═══ Dataset ═══

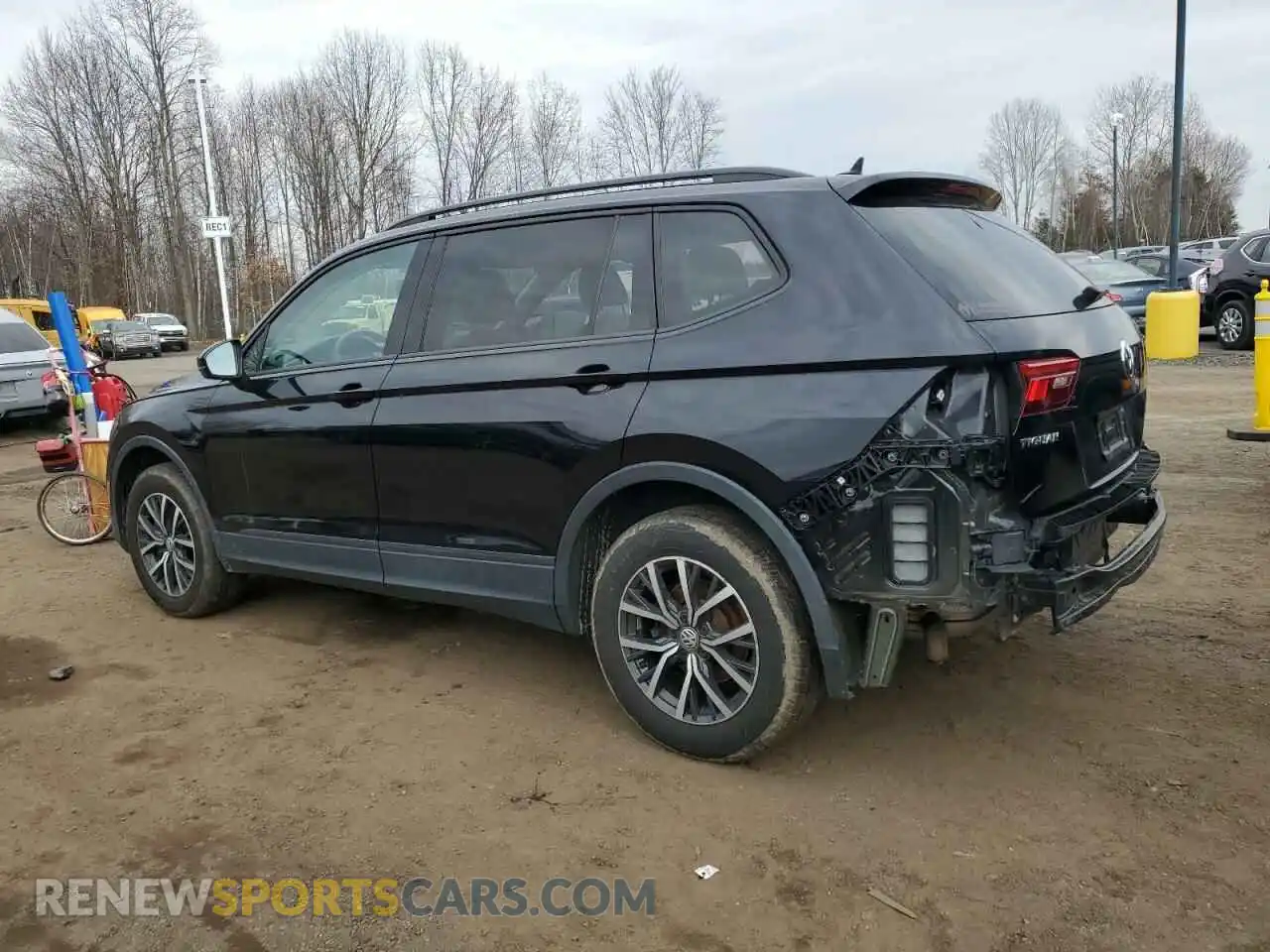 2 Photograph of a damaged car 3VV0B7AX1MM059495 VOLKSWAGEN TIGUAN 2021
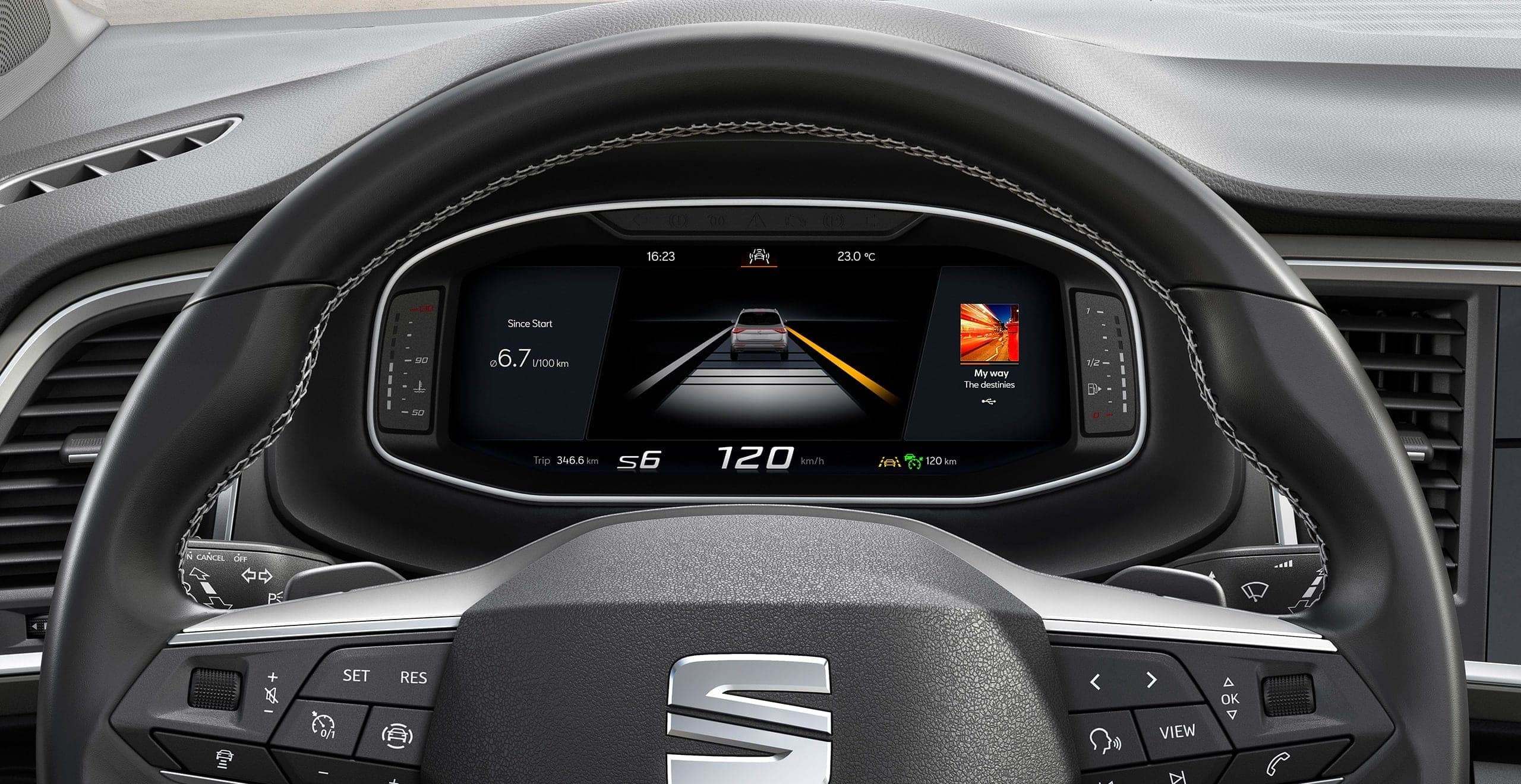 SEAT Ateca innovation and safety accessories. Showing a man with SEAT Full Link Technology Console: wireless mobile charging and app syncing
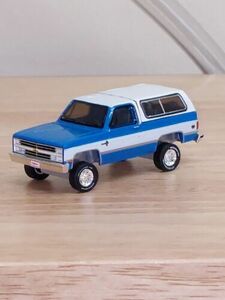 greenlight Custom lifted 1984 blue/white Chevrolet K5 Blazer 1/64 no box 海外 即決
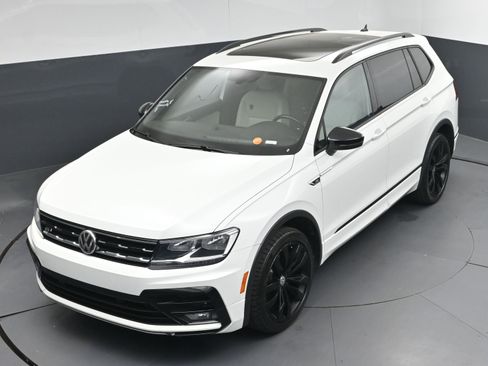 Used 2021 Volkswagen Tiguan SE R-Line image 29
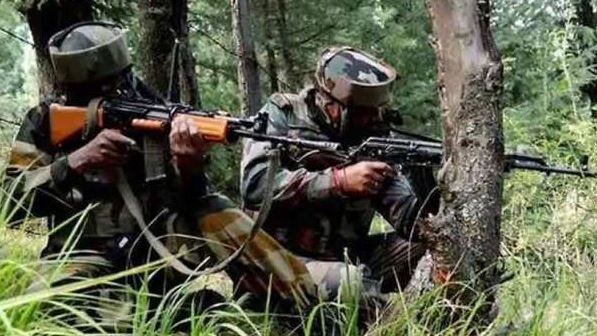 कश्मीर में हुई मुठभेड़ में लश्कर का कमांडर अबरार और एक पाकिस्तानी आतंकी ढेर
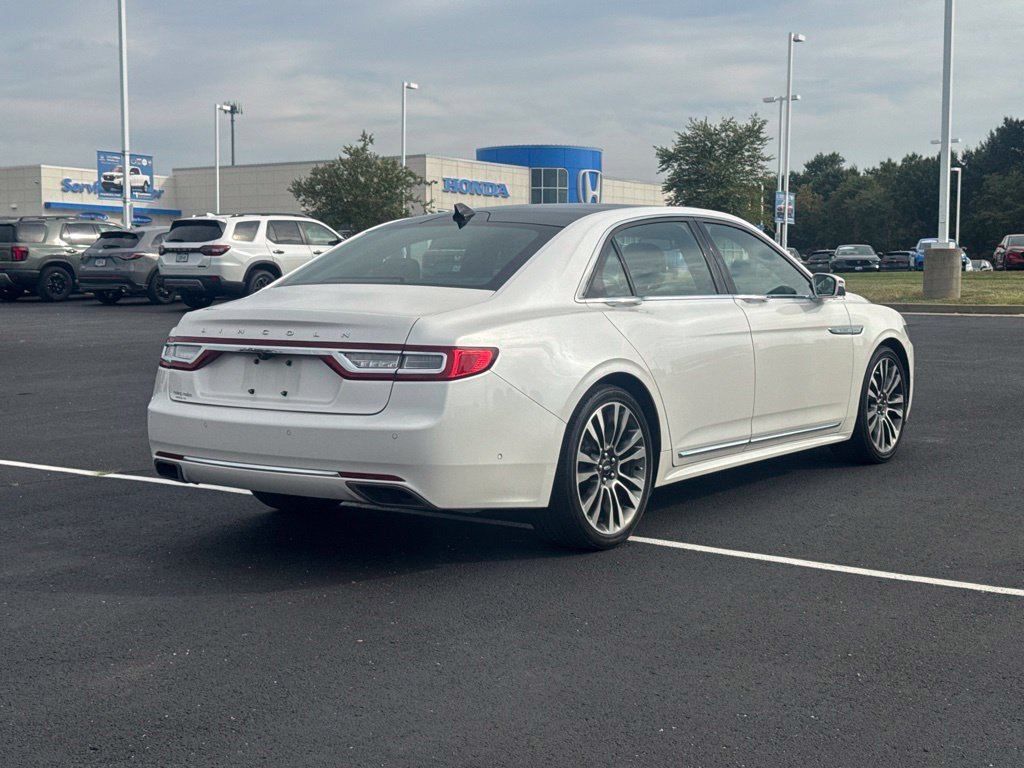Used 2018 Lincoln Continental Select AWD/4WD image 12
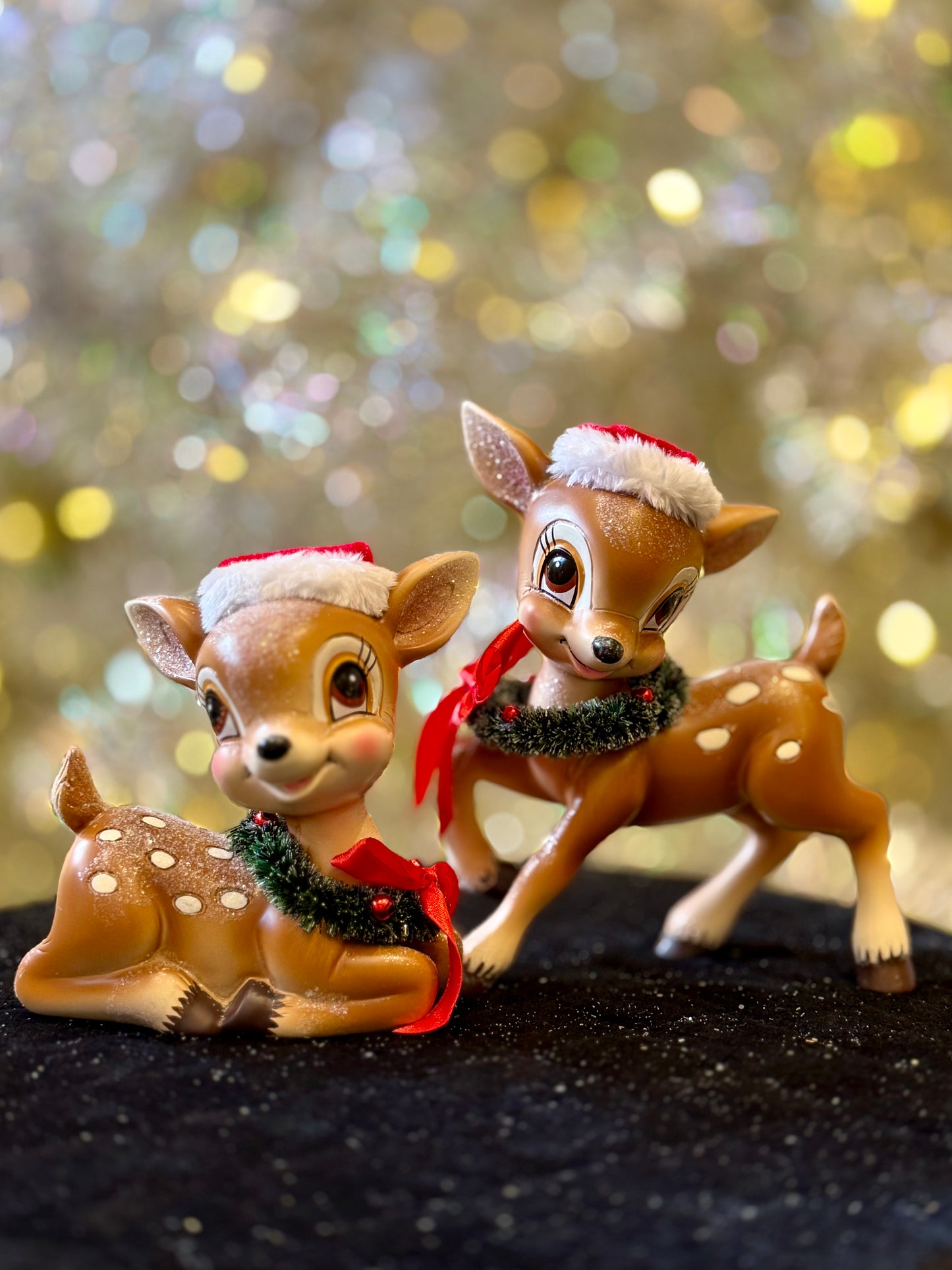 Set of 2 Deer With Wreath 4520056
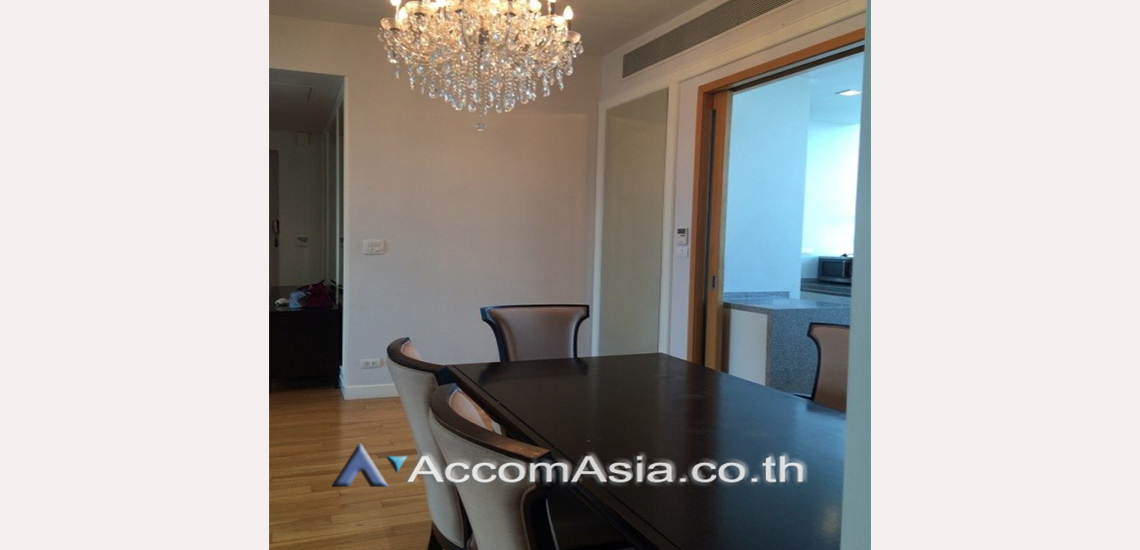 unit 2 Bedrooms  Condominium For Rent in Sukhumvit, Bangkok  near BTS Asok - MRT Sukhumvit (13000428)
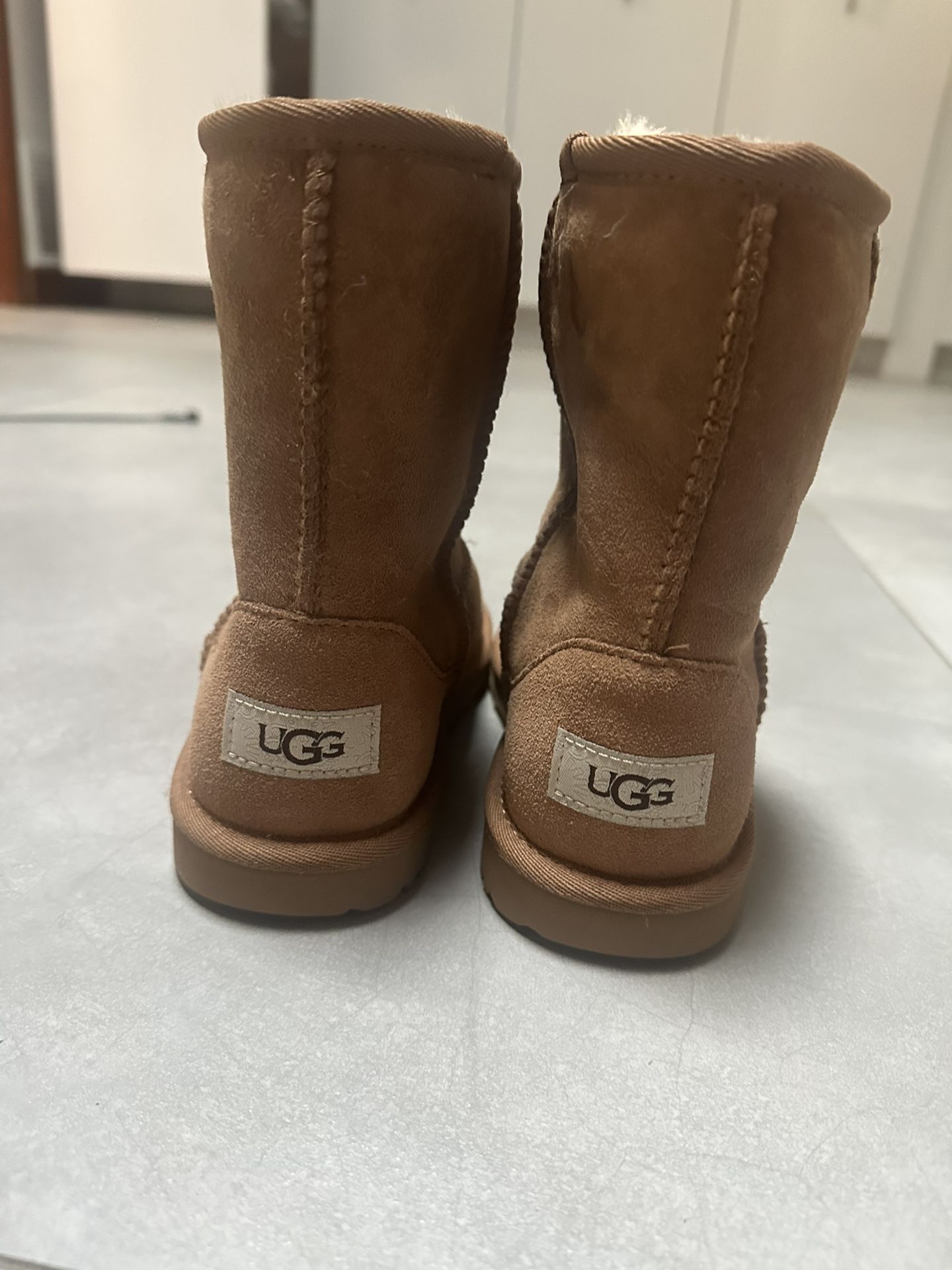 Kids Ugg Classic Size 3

═══

### Exercise
Would you set down the records above once more, exactly, with the pictures removed?

### Solution to the exercise
 2 Photograph of a damaged car 3VV0B7AX1MM059495 VOLKSWAGEN TIGUAN 2021
 SEAT Ateca innovation and safety accessories. Showing a man with SEAT Full Link Technology Console: wireless mobile charging and app syncing
 greenlight Custom lifted 1984 blue/white Chevrolet K5 Blazer 1/64 no box 海外 即決
 Used 2021 Volkswagen Tiguan SE R-Line image 29
 कश्मीर में हुई मुठभेड़ में लश्कर का कमांडर अबरार और एक पाकिस्तानी आतंकी ढेर
Used 2018 Lincoln Continental Select AWD/4WD image 12
 Set of 2 Deer With Wreath 4520056
 unit 2 Bedrooms  Condominium For Rent in Sukhumvit, Bangkok  near BTS Asok - MRT Sukhumvit (13000428)
 Kids Ugg Classic Size 3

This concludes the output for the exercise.